Early this year we made a transition from movement-building to research, and we've hit the ground running with six major new research papers, six new strategic analyses on our blog, and much more. Give now to support our ongoing work on the future's most important problem.
Accomplishments in 2013 so far
- Released six new research papers: (1) Definability of Truth in Probabilistic Logic, (2) Intelligence Explosion Microeconomics, (3) Tiling Agents for Self-Modifying AI, (4) Robust Cooperation in the Prisoner's Dilemma, (5) A Comparison of Decision Algorithms on Newcomblike Problems, and (6) Responses to Catastrophic AGI Risk: A Survey.
- Held our 2nd and 3rd research workshops.
- Published six new analyses to our blog: The Lean Nonprofit, AGI Impact Experts and Friendly AI Experts, Five Theses..., When Will AI Be Created?, Friendly AI Research as Effective Altruism, and What is Intelligence?
- Published the Facing the Intelligence Explosion ebook.
- Published several other substantial articles: Recommended Courses for MIRI Researchers, Decision Theory FAQ, A brief history of ethically concerned scientists, Bayesian Adjustment Does Not Defeat Existential Risk Charity, and others.
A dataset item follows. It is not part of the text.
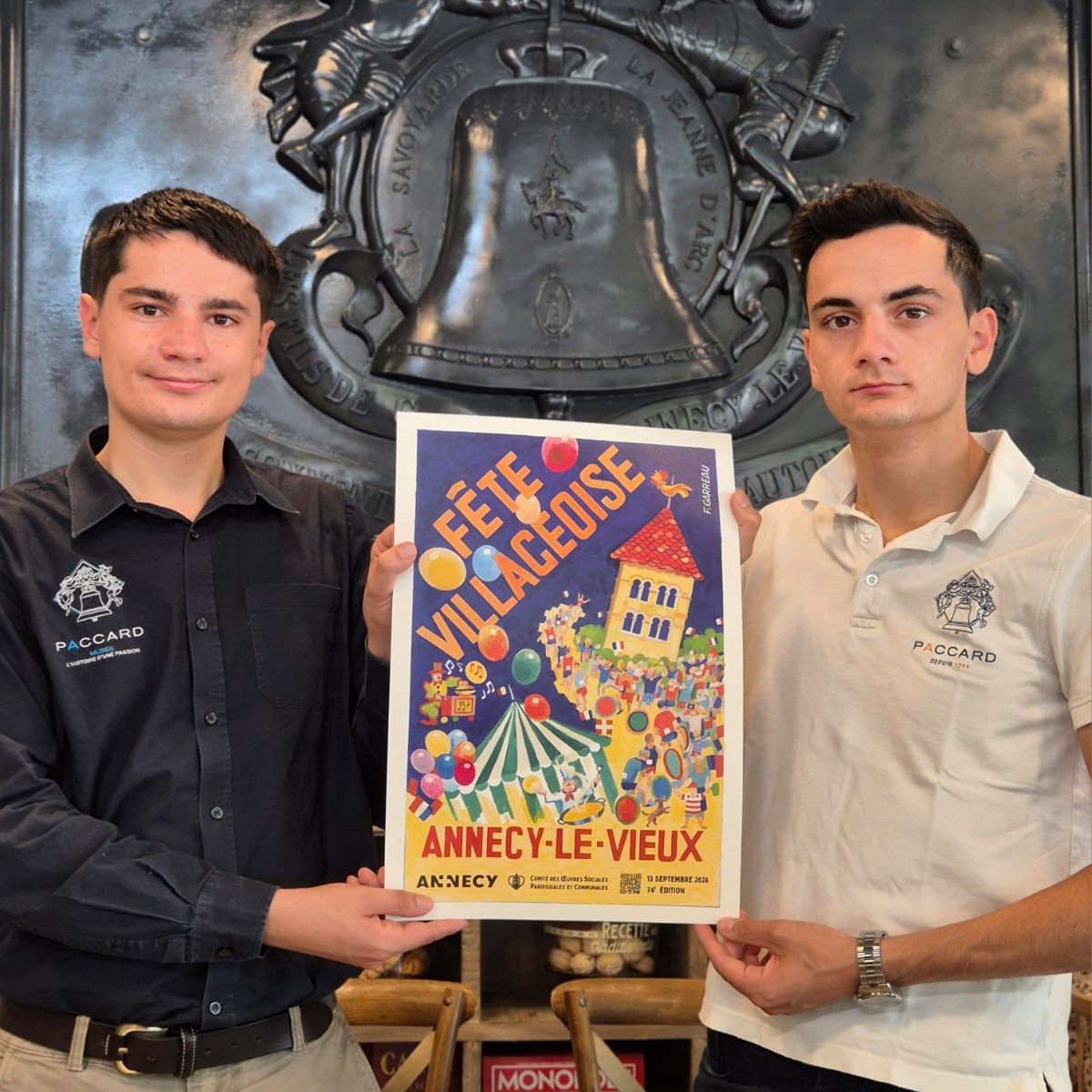 Cloches Paccard pr&eacute;sente l'affiche 2026 de la F&ecirc;te Villageoise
- Published our first three expert interviews, with James Miller, Roman Yampolskiy, and Nick Beckstead.
- Launched our new website at intelligence.org as part of changing our name to MIRI.
- Relocated to new offices... 2 blocks from UC Berkeley, which is ranked 5th in the world in mathematics, and 1st in the world in mathematical logic.
- And of course much more.
Future Plans You Can Help Support
- We will host many more research workshops, including one in September in Berkeley, one in December (with John Baez attending) in Berkeley, and one in Oxford, UK (dates TBD).
- Eliezer will continue to publish about open problems in Friendly AI. (Here is #1 and #2.)
- We will continue to publish strategic analyses and expert interviews, mostly via our blog.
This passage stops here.